• Brief: In duplicating the lines below, keep every word unchanged and drop the pictures.

• Dataset excerpt:

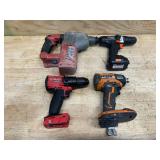 NON WORKING Drills and impact drill (lot of 4)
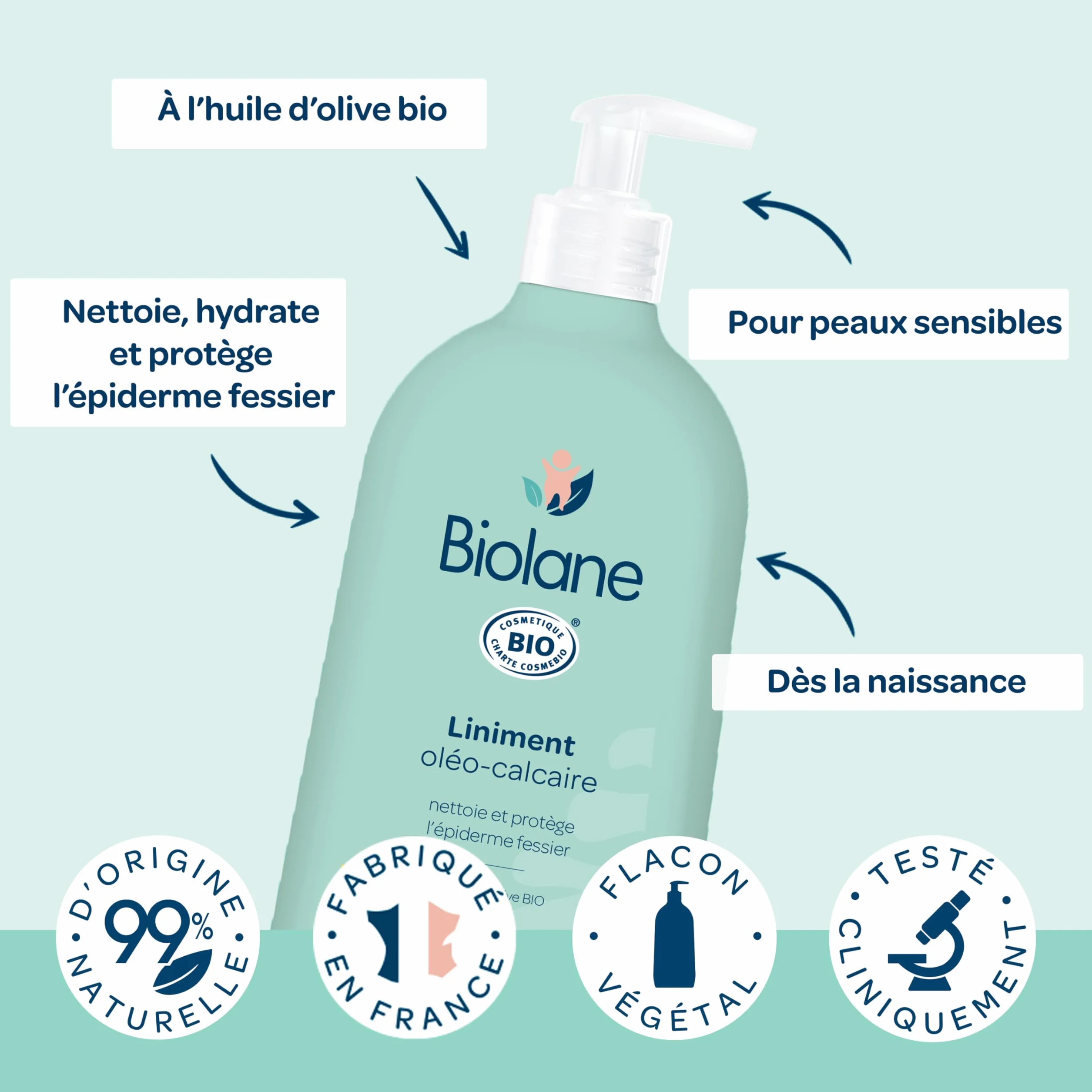 BIOLANE Liniment Bio oléo-calcaire Bébé 500ml Nettoyant sans rinçage 99% Origine naturelle Peaux Sensibles Fabriqué en France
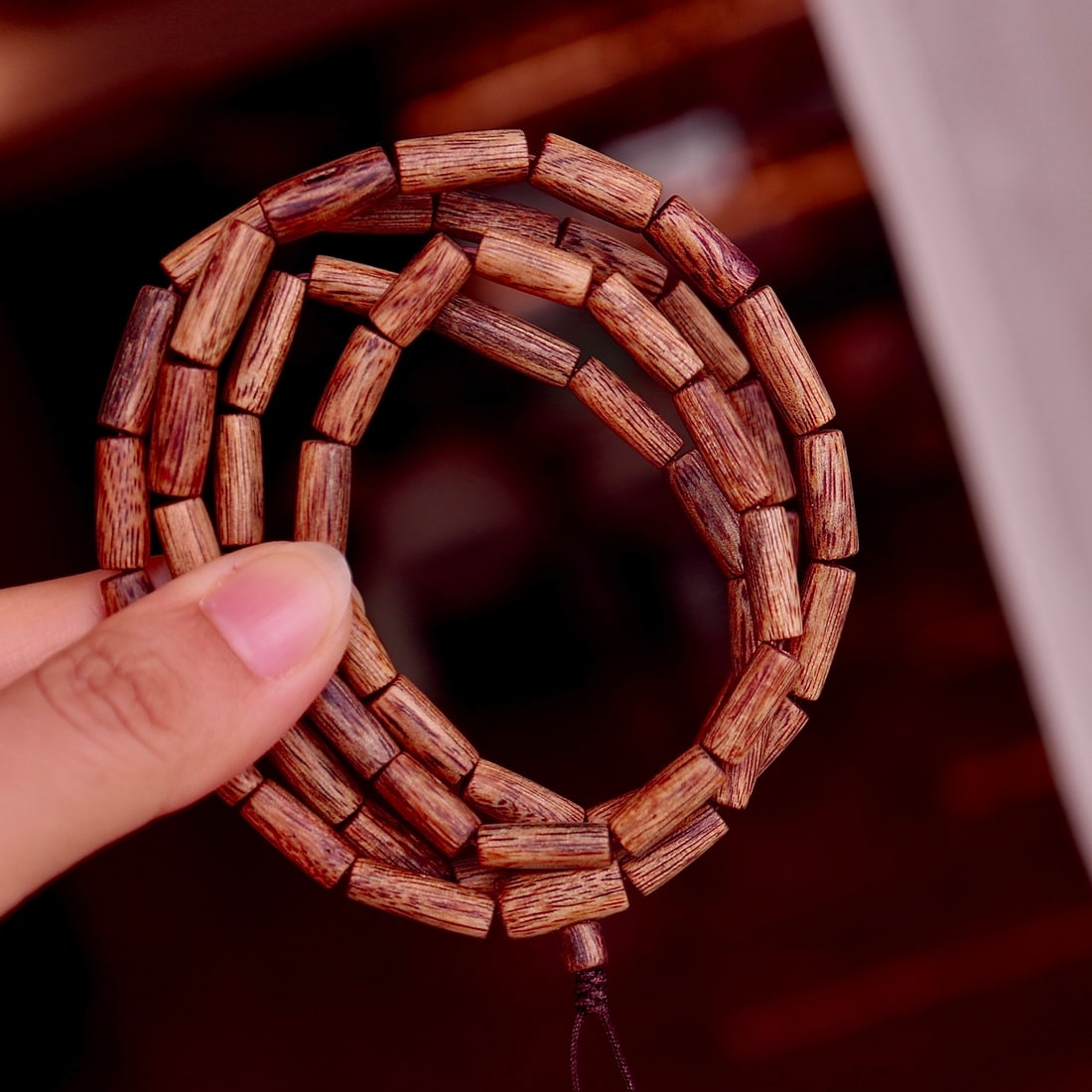 Natural agarwood bracelet with multiple loops design, can also be worn as a necklace. - 2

• Answer to this task:
 NON WORKING Drills and impact drill (lot of 4)
 BIOLANE Liniment Bio oléo-calcaire Bébé 500ml Nettoyant sans rinçage 99% Origine naturelle Peaux Sensibles Fabriqué en France
 Natural agarwood bracelet with multiple loops design, can also be worn as a necklace. - 2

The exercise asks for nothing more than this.